Problem statement:
The whole listing should be retyped word for word, apart from the pictures it holds.

Data section:
________________________

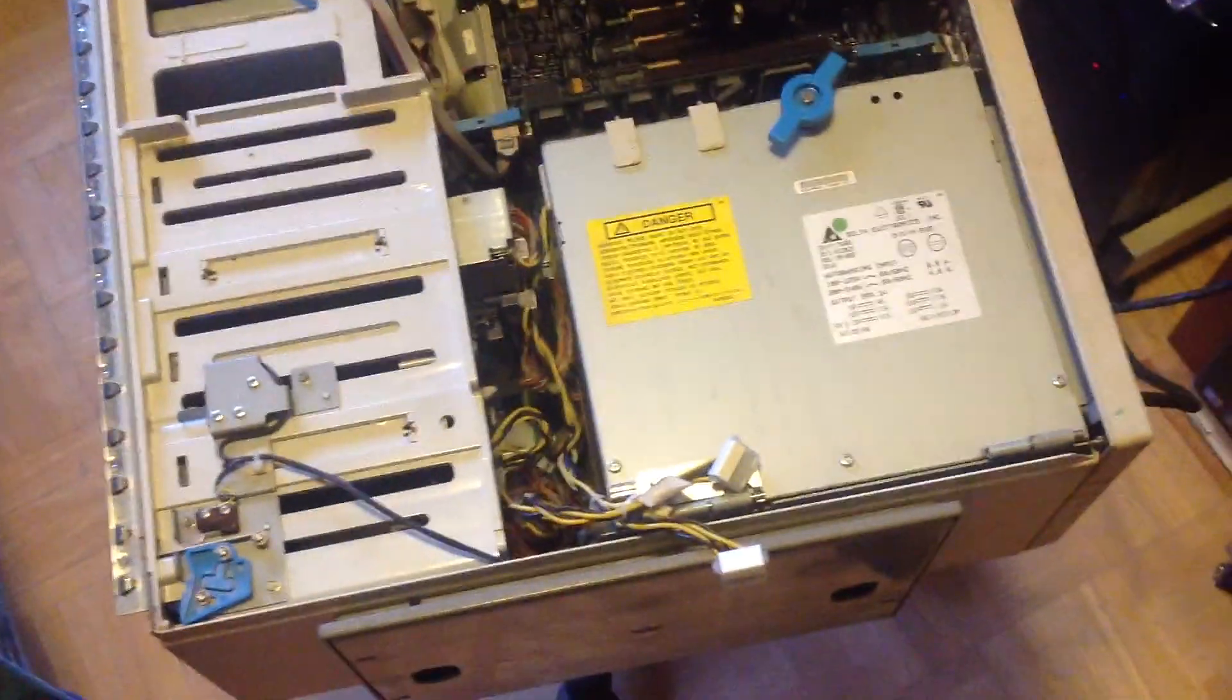I really hope that I can get this working again, because it's a really nice machine, especially because of its size. Look at that power supply, 399.1 watts.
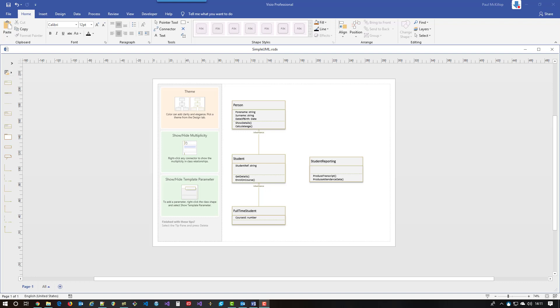Before we make our first class, I just wanted to reiterate some of the things we talked about in our lessons about the way in which we make classes, we describe them, we define them.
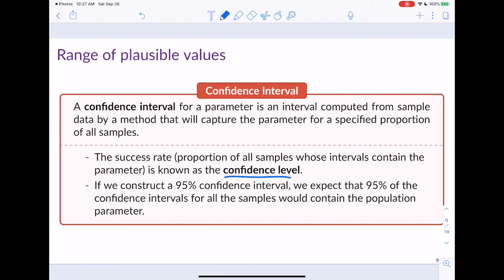If we construct a 95% confidence interval, we expect that 95% of the confidence intervals from all possible samples would contain the population parameter. This is a somewhat clunky interpretation because we only ever have one sample. But if you imagine taking all possible samples of a given size and creating confidence intervals, 95% of those intervals would capture the population parameter — that's what we mean by a 95% confidence interval.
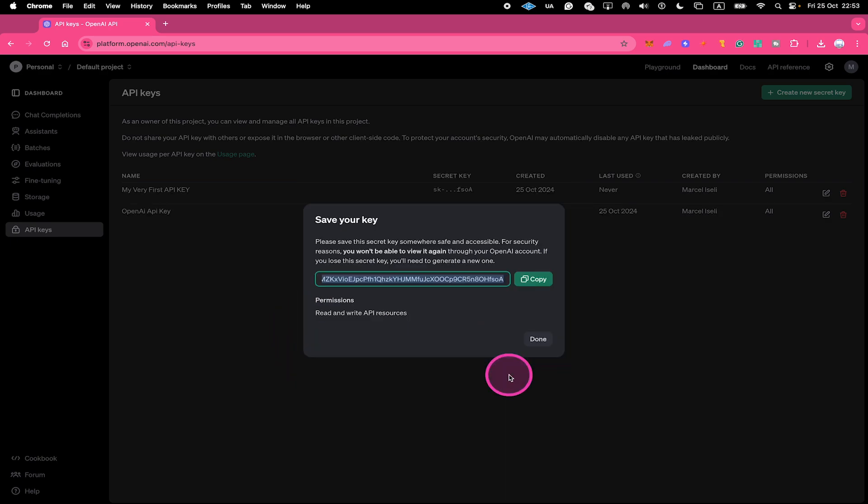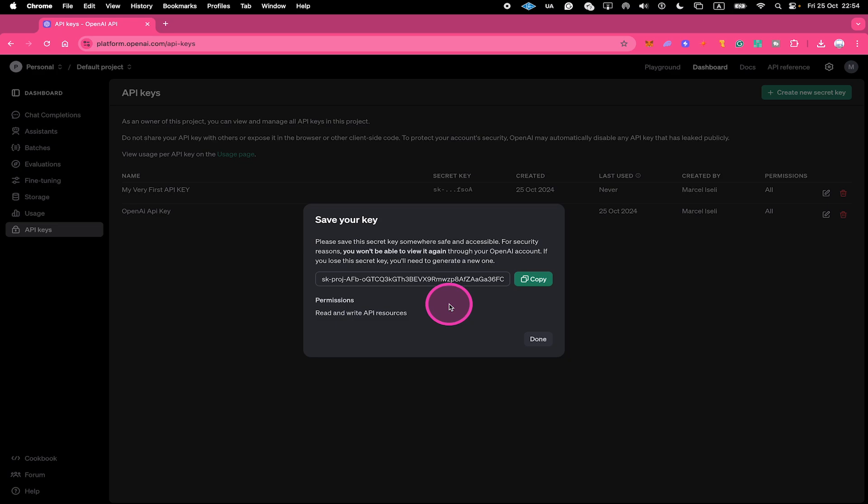And just like that, you created your very first OpenAI API key. You will then immediately get your API key right here and you have to make sure to safely store this key now of course. This is the actual key that you're going to use for API calls. Once you store your key, click on Done.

________________________

Final answer:
I really hope that I can get this working again, because it's a really nice machine, especially because of its size. Look at that power supply, 399.1 watts.
Before we make our first class, I just wanted to reiterate some of the things we talked about in our lessons about the way in which we make classes, we describe them, we define them.
If we construct a 95% confidence interval, we expect that 95% of the confidence intervals from all possible samples would contain the population parameter. This is a somewhat clunky interpretation because we only ever have one sample. But if you imagine taking all possible samples of a given size and creating confidence intervals, 95% of those intervals would capture the population parameter — that's what we mean by a 95% confidence interval.
And just like that, you created your very first OpenAI API key. You will then immediately get your API key right here and you have to make sure to safely store this key now of course. This is the actual key that you're going to use for API calls. Once you store your key, click on Done.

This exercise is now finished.